Educar es transmitir confianza en uno mismo y tratar a la persona como lo que es, un ser que es bueno por el hecho de existir, que tiene su dignidad independientemente de cómo se comporte, de las condiciones de vida o del reconocimiento que el Estado haga de su dignidad, tal como recoge la Declaración Universal de los Derechos Humanos.
Una de las condiciones profundas de la educación es amar al educando, hacerle ver el fondo bueno que tiene, confiar en él y en sus capacidades. Pero, así como amar a una persona es decirle: «Es bueno que existas», «Eres un bien para mí» y la escucha de ese mensaje mejora el obrar del ser amado, del mismo modo, para educar es necesario amar, es ser capaz de ver el bien que yace en el fondo del niño o joven y ayudarlo a que él descubra y logre germinar la semilla de verdad, belleza y bien que late en él. Educar es decirle al niño o joven: «Tú eres mejor de lo que crees y eres capaz de mucho más de lo que imaginas».

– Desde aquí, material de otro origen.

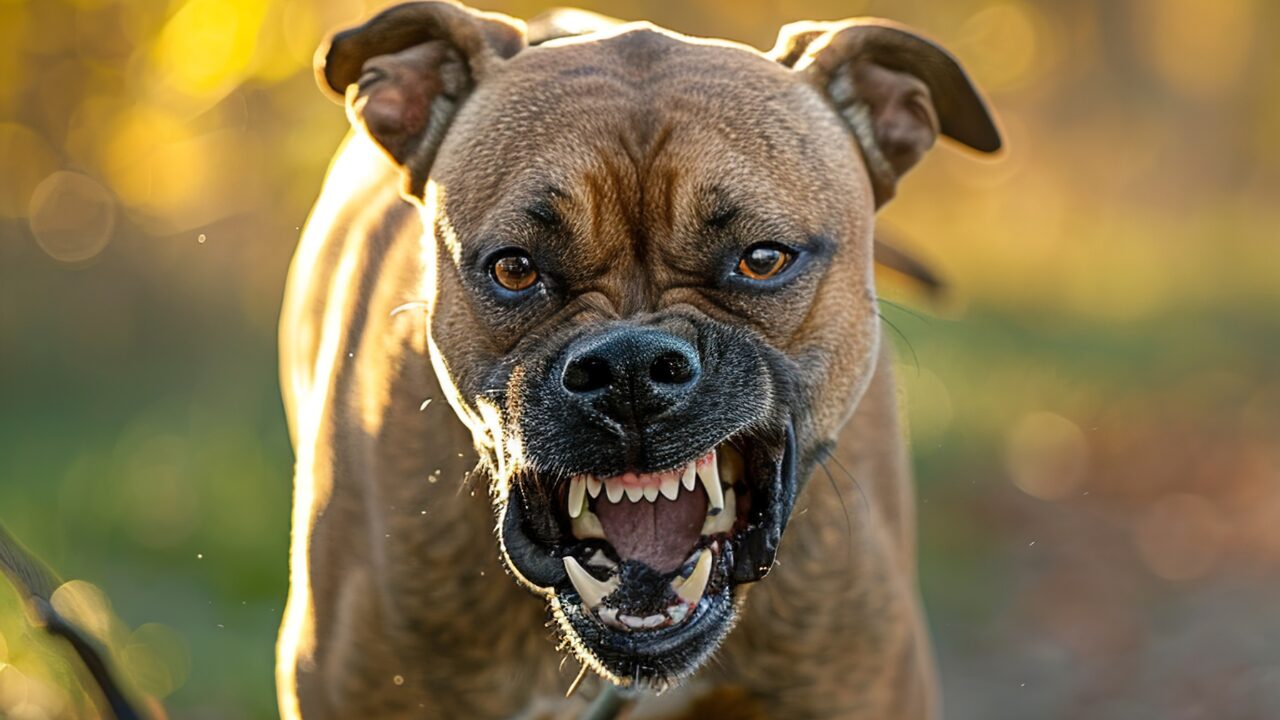 Por que agosto é o mês do cachorro louco? Entenda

Cuando el alumno sabe qué se espera de él, cuando es llamado no solo para ser recriminado, sino para reconocerle su esfuerzo, sus logros se consiguen mucho más que cuando solo es objeto de reproche. No se entienda esto como un canto fácil a la ternura o al permisivismo. San Agustín decía que «el amigo mientras te corrige, ama. El enemigo mientras te adula, odia». El auténtico educador sabe que el amor, la comprensión y la confianza no excluyen la exigencia, sino que la reclaman.

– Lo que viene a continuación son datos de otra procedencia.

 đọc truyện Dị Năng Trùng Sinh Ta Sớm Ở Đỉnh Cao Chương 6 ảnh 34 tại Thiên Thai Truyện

A la persona, con su misterio insondable, solo le puede conocer aquel que la ama. Los demás pueden hacer, como es el caso de algunos profesionales, un análisis objetivo de sus obras, pero la persona no es solo un objeto, sino un sujeto: «El ojo que ves no es ojo porque tú lo veas; es ojo porque te ve», decía Machado.
Rabindranath Tagore, en una poesía, titulada El juez, pone en boca de una supuesta madre las siguientes palabras:
Di de él, juez, lo que te plazca, pero yo conozco las faltas de mi niño.
Si lo amo, no es porque sea bueno, sino porque es mi hijo.
¿Qué sabes de la ternura que puede inspirar, tú que pretendes hacer exacto inventario de sus cualidades y sus defectos…?
Cuando lo hago llorar, mi corazón llora con él.
Solo yo puedo acusarlo y reñirlo, pues solo quien ama tiene derecho a castigar.
En el caso de los cristianos, tal como expone el reciente documento del Vaticano Dignitas infinita, tenemos un motivo más: sabemos que toda persona es un ser creado a imagen y semejanza de Dios, redimido y llamado a la eterna unión con Dios, tras la resurrección. Por ello tiene razón san Pablo VI al decir que «ninguna antropología iguala a la antropología de la Iglesia sobre la persona humana».
Quizá aquellos que intentan acabar de modo consciente o inconsciente con la cultura cristiana, están segando la hierba debajo de sus pies.